There are a few “givens” that you will be exposed to when you find yourself growing up in Houston, Texas:

  1. Football (and I’m not talking about the kind where everyone runs up and down the field kicking at the thing) of any shape or form including street tag, little league, junior, senior, collage or professional American football.
  2. The space program…everyone, sooner or later, bumps into something space related.
  3. The Houston Fat Stock Show and Rodeo…the largest rodeo in ticket sales and cash prizes in the World.
  4. Vacation Bible School…why do you think they call it the Bible Belt?
  5. Deer Hunting…I don’t care if you are driving a garbage truck, working in a steel fabrication shop or at NASA, come the fall, the main topic of conversation will eventually turn to all things deer hunting.

When I was a young man back in the late 1970s, I was renting a little house with a large back yard that had gone to seed. My best friend, Paul (now gone from us) showed up at the house one day running on about the end of civilization. I am not sure if he had been listening to a local fanatic on the radio or he had been in a conversation with some of his “alternative life style” buddies or had bumped his head, but that was the first time I had truly considered the possibility of surviving some form of apocalypse.

One must remember that while I was in elementary school we routinely practiced nuclear attack drills (they called it “Civil Defense” then). The Cuban missile crisis was very familiar with young and old alike.

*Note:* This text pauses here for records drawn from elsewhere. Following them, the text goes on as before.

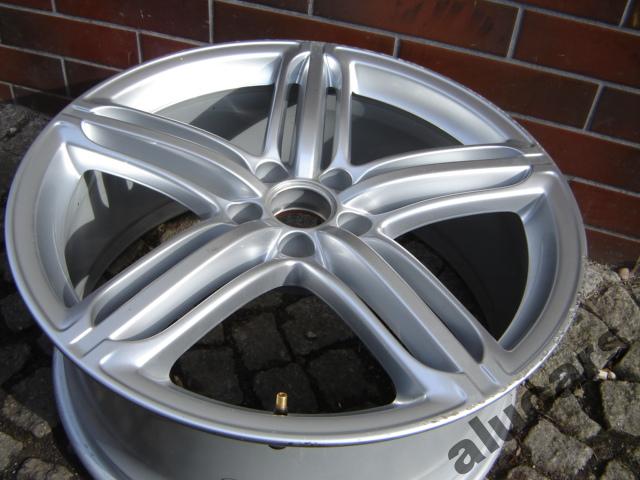  1x aluminum rim Audi A6 A8 S5 A5 S6 A4 20 inch 8.5J 5x112 45ET 4G0601025T  product image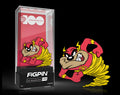FigPin Loony Toons The Tasmanian Devil as The Flash #1469
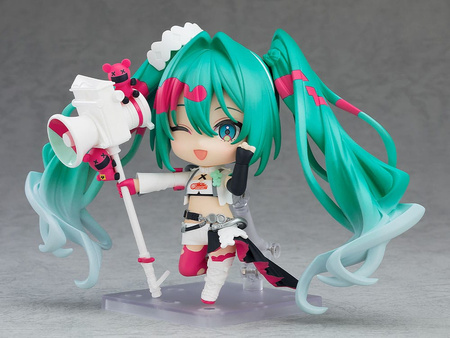 Nendoroid Hatsune Miku GT Project Racing Miku: 2025 Ver. 10 cm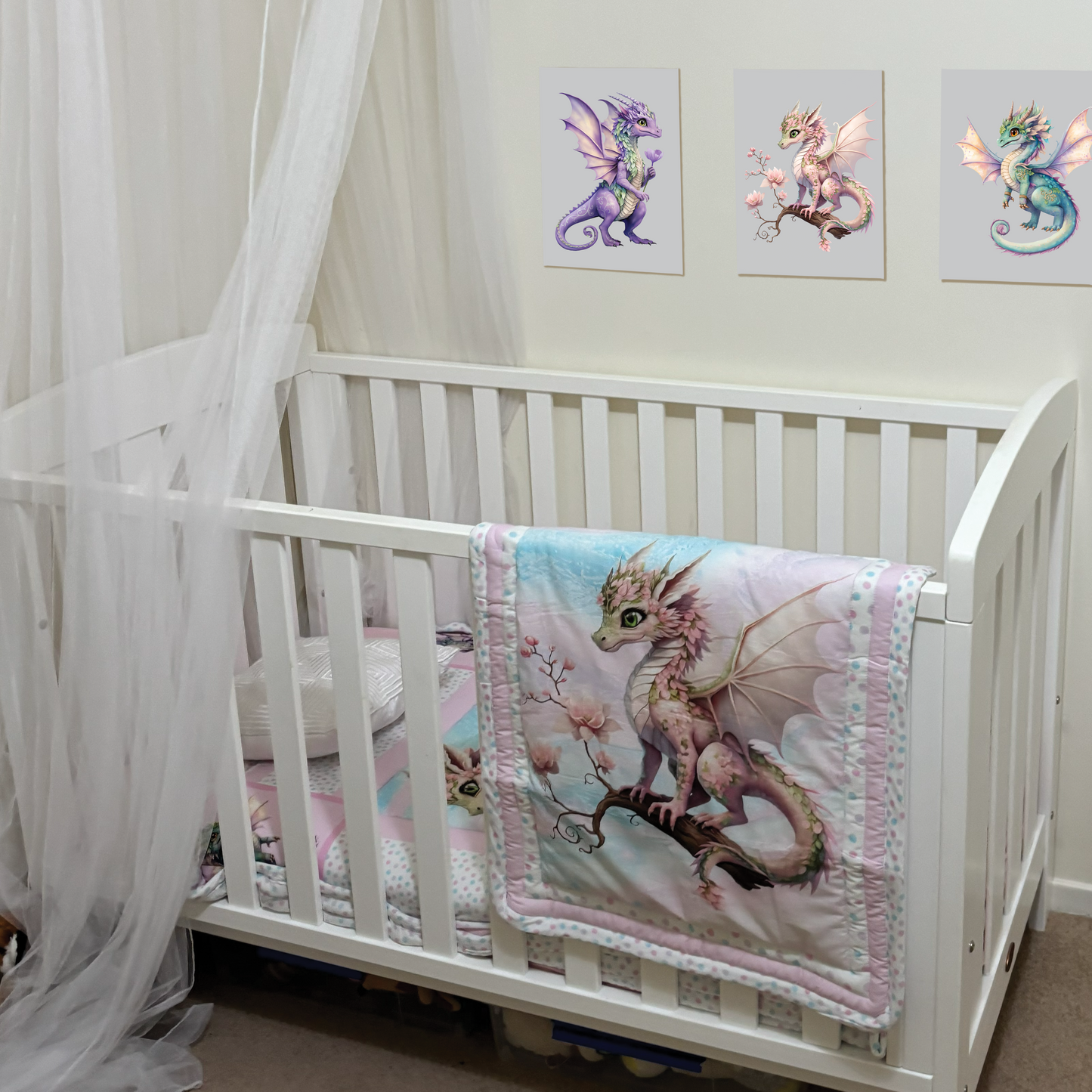3PCE BUNDLE | FAIRY DRAGON
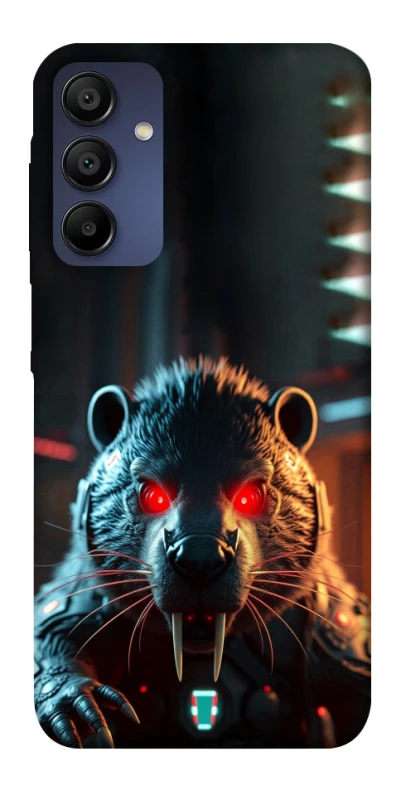 Чохол на Samsung Galaxy A15 4G/5G Cyber ​​beaver фото 1 з 1
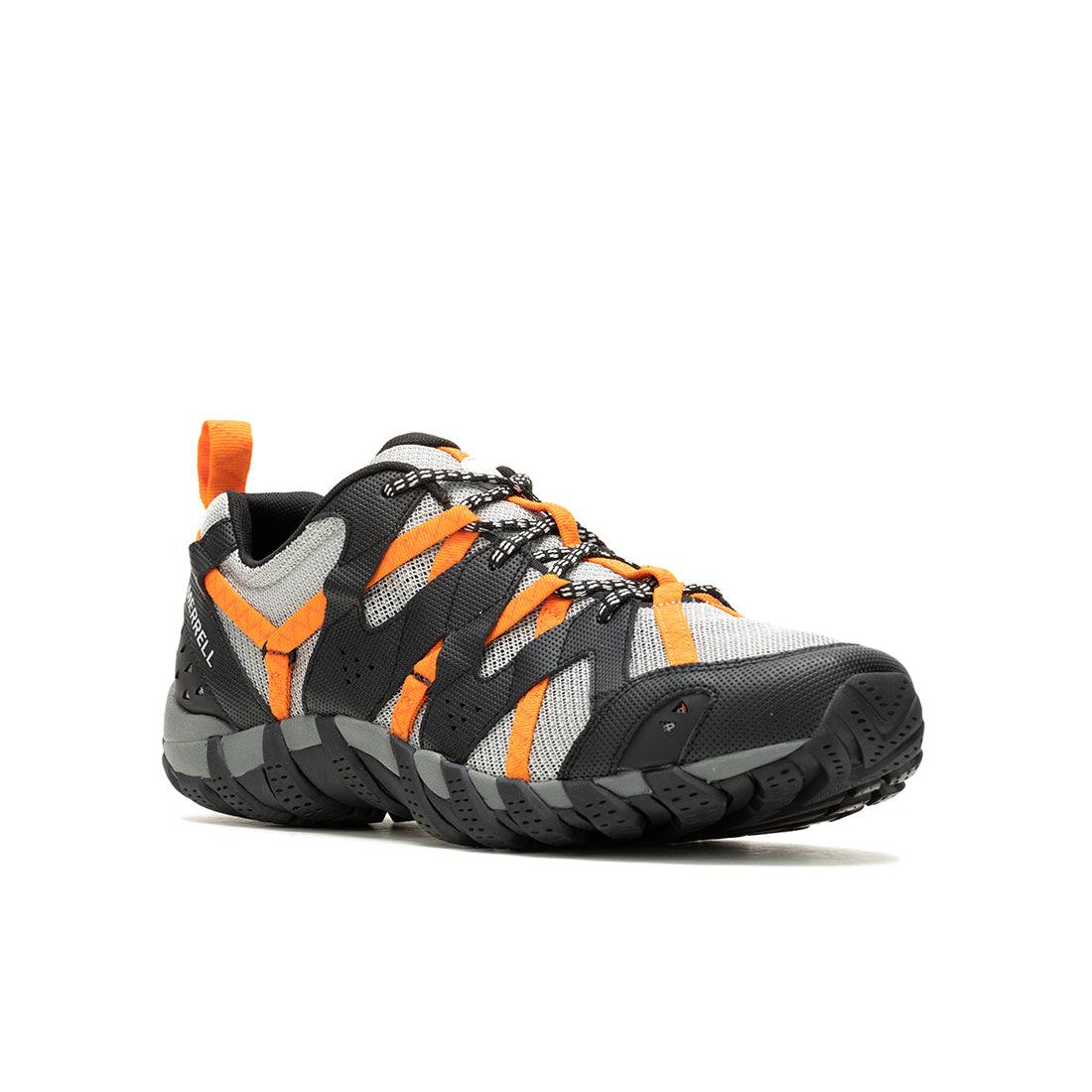 Merrell Waterpro Maipo 2 - Black/Papaya Mens Hydro Hiking Shoes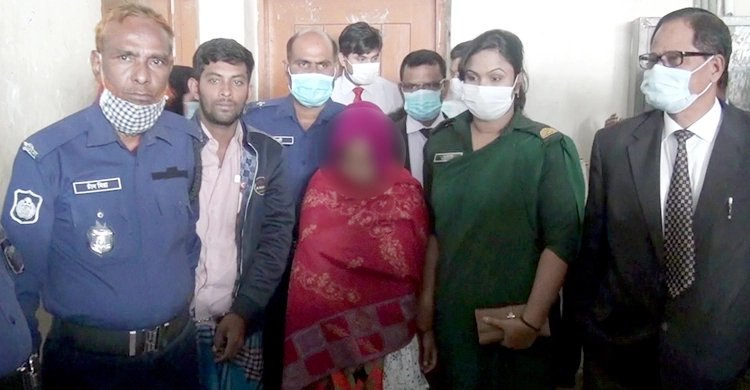 ধর্ষণচেষ্টার সময় ইমামকে হত্যা, নারীর যাবজ্জীবন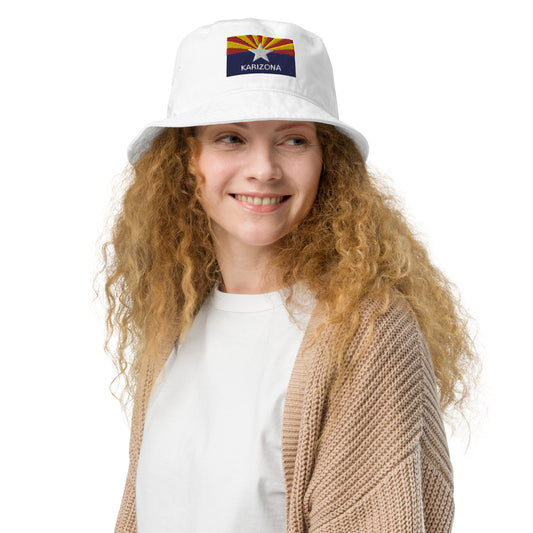 KARIZONA - Organic Bucket Hat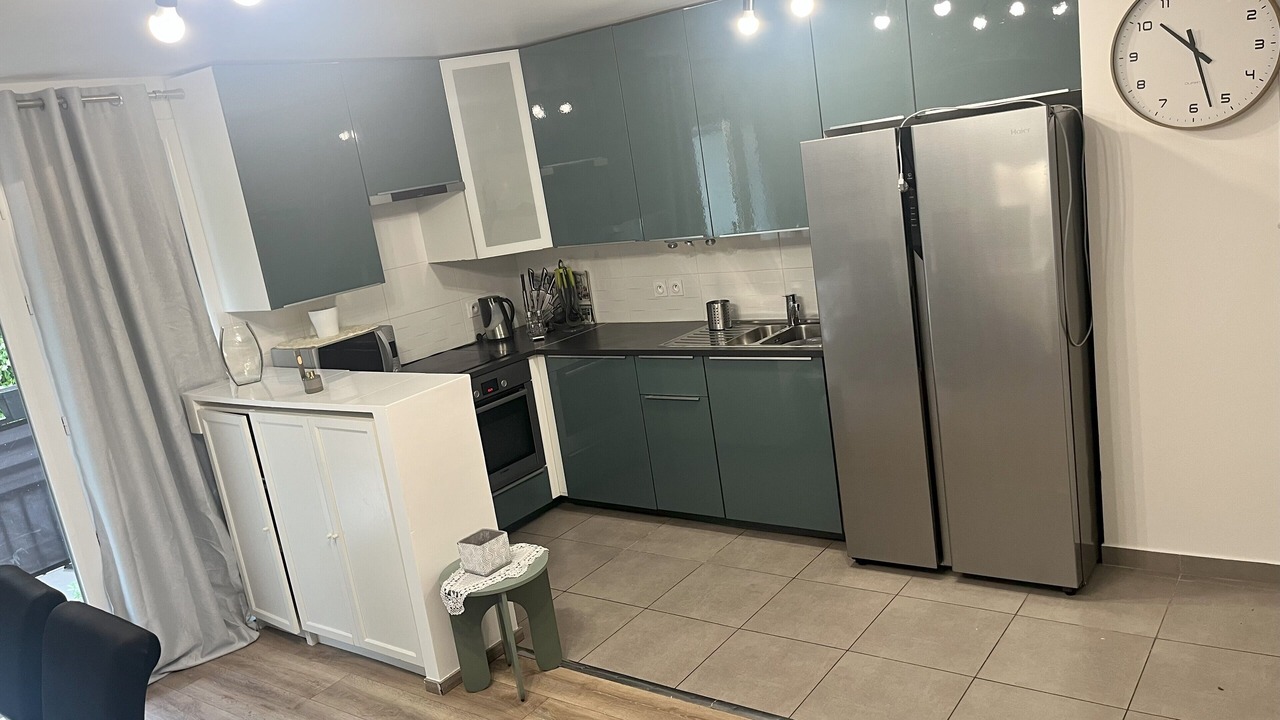 Photo of Kitchen in Choisy-le-Roi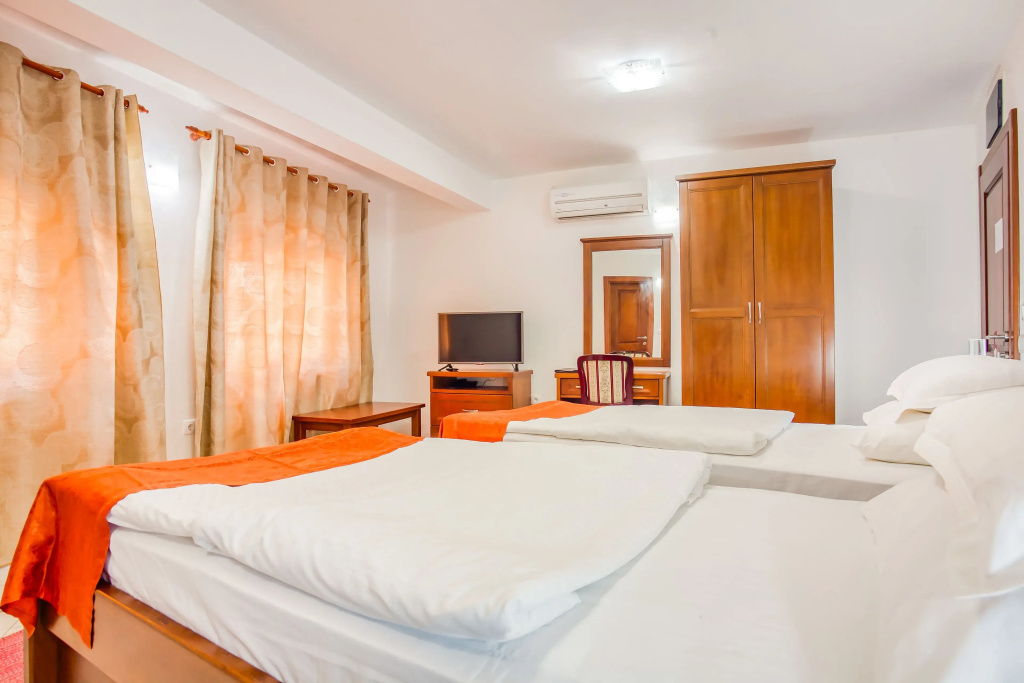 Palata Venezia - Chambres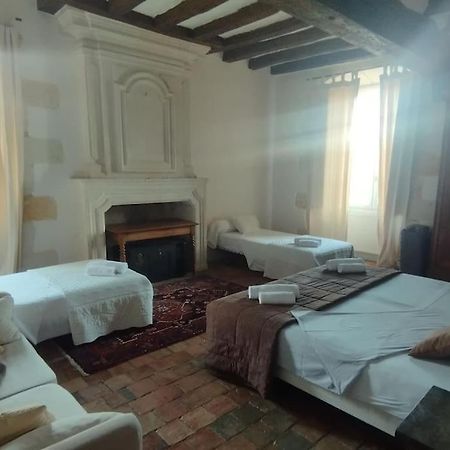 Domaine Du Prieure Saint Ellier Villa Charcé-Saint-Ellier-sur-Aubance Екстериор снимка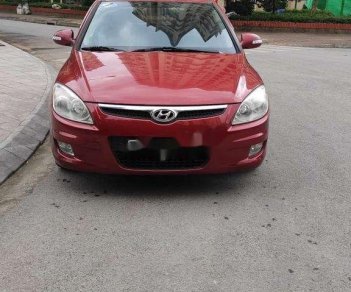 Hyundai i30 2009 - Cần bán lại xe Hyundai i30 đời 2009, màu đỏ, xe nhập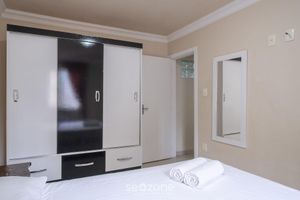 Alquiler Vacacional - Apt With Side sea View 130m From the Beach Eac403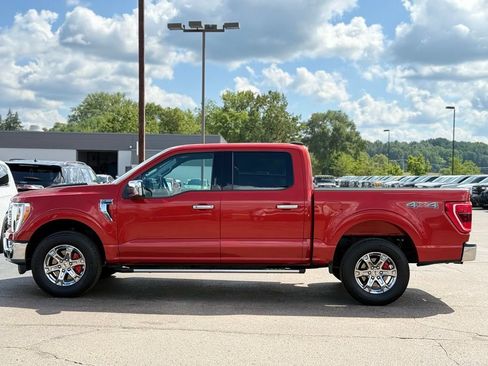 Used 2023 Ford F150 XLT w/ Equipment Group 302A High AWD/4WD image 36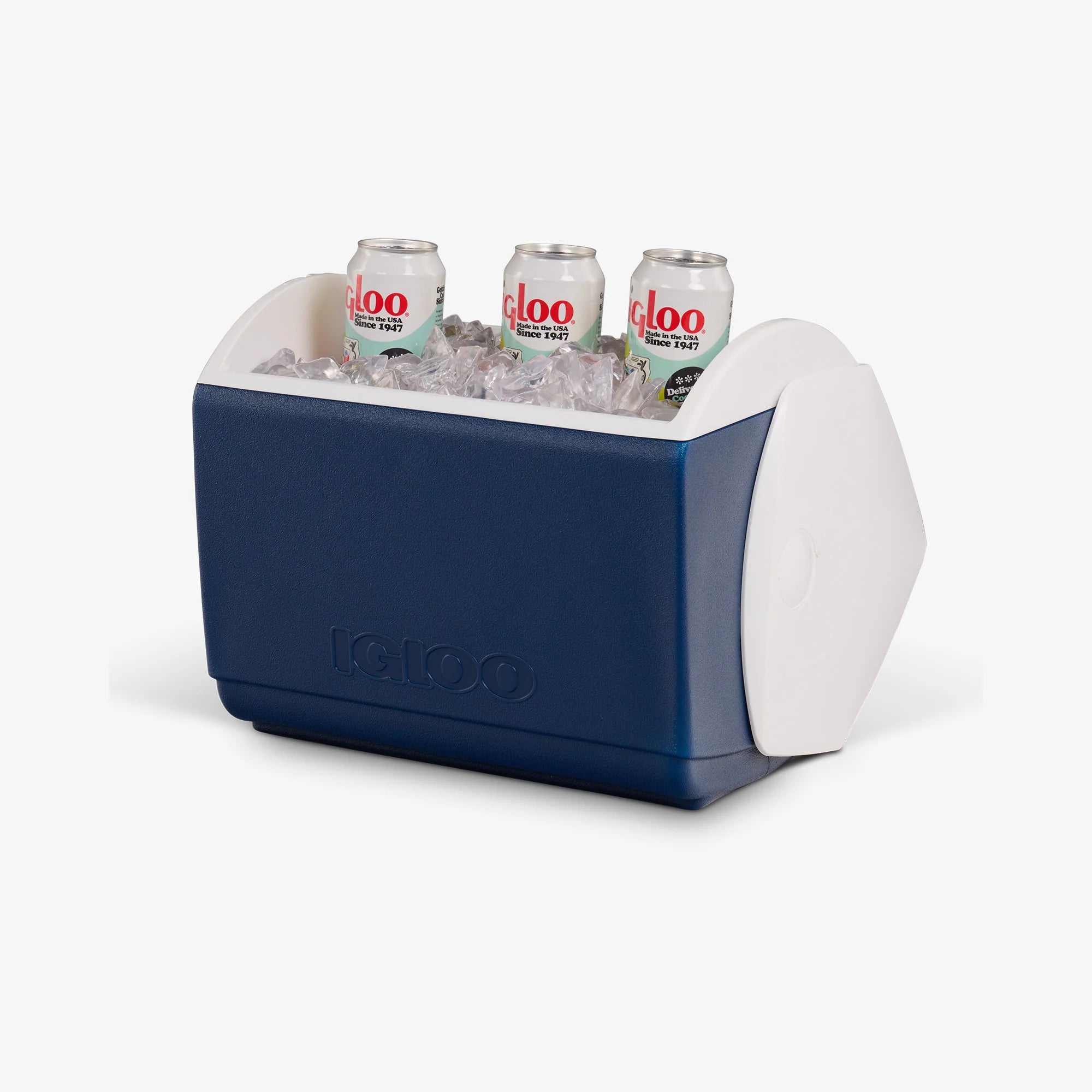 Igloo Insulated Cooler Durable Cooler Auburn University? Playmate Elite 16 Qt Cooler - Image 3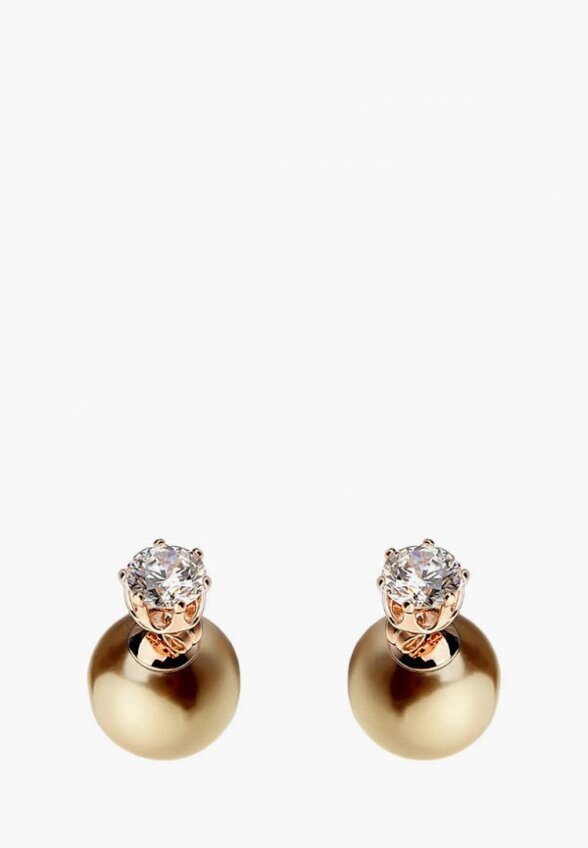 Серьги Ice&High Collection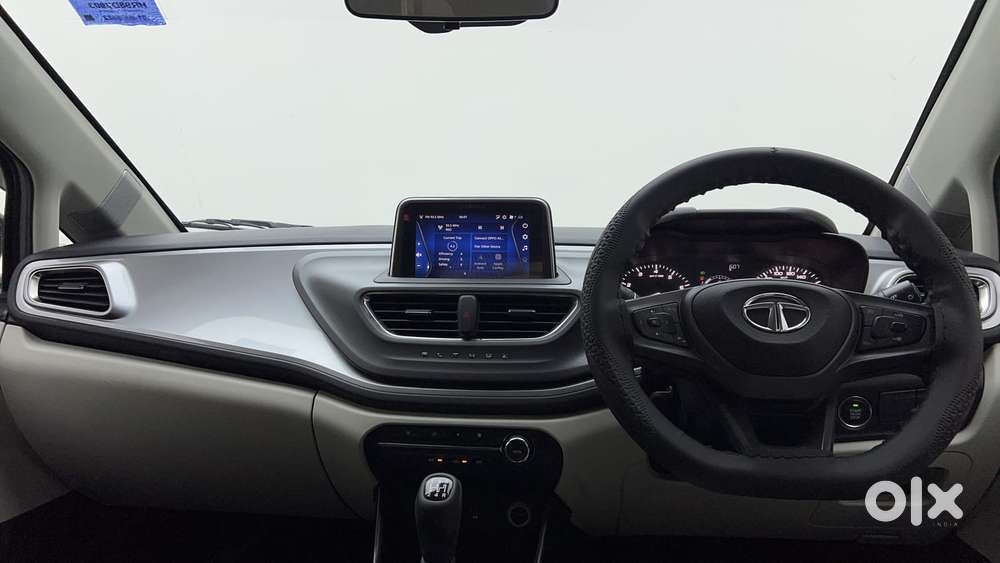 Tata Altroz 1.2 Xt, 2022, Petrol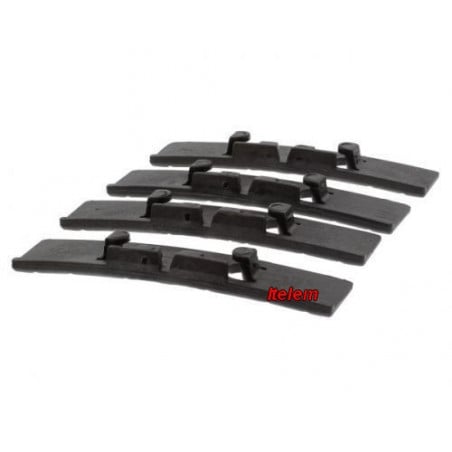 Patin tambour sèche-linge Ariston 482000023036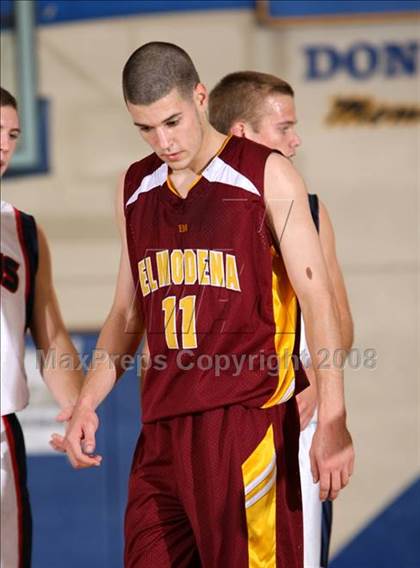 Thumbnail 3 in El Modena vs. Tesoro (O.C. North-South Challenge) photogallery.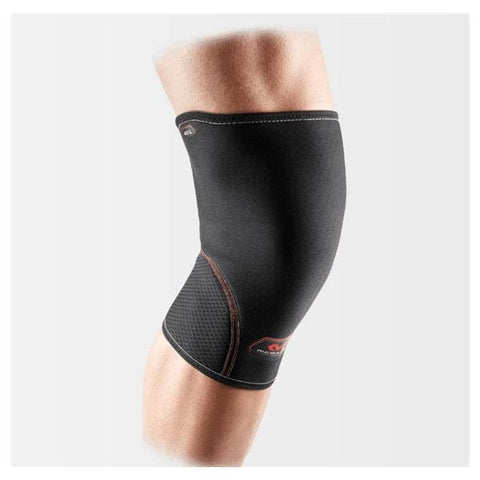 Shock Doctor Inc Support Sleeve Knee Neoprene Black Size Small Universal Each - 401T SMALL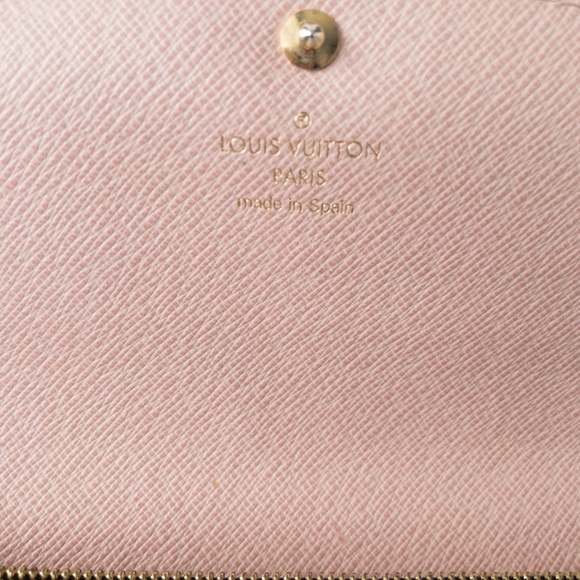 Authentic Louis Vuitton Caissa Wallet - Picture 6 of 14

Houston has one of the largest oil refinery facilities in the world and is only a hop, skip and a jump (figuratively speaking) from Cuba. Even at that tender age, I distinctly remember conversations amongst ourselves joking about how taking our glasses off would really help if the Commies hit with everything they had. Everyone naturally assumed we would all be killed outright.

At any rate, Paul’s conversation brought up the question of hunting/trapping for sustenance in an urban environment, ammunition, shelter, water supplies and other topics survival related. Anyone interested in surviving in the wilds of metro Houston surely would be thinking about using the packs of wild dogs and stray cats as a food source. I know the subject of eating domestic “pets” may be disturbing to some, but in far too many cases, the strays I refer to are anything but pets. “Feral” and “populations” would be a more appropriate term.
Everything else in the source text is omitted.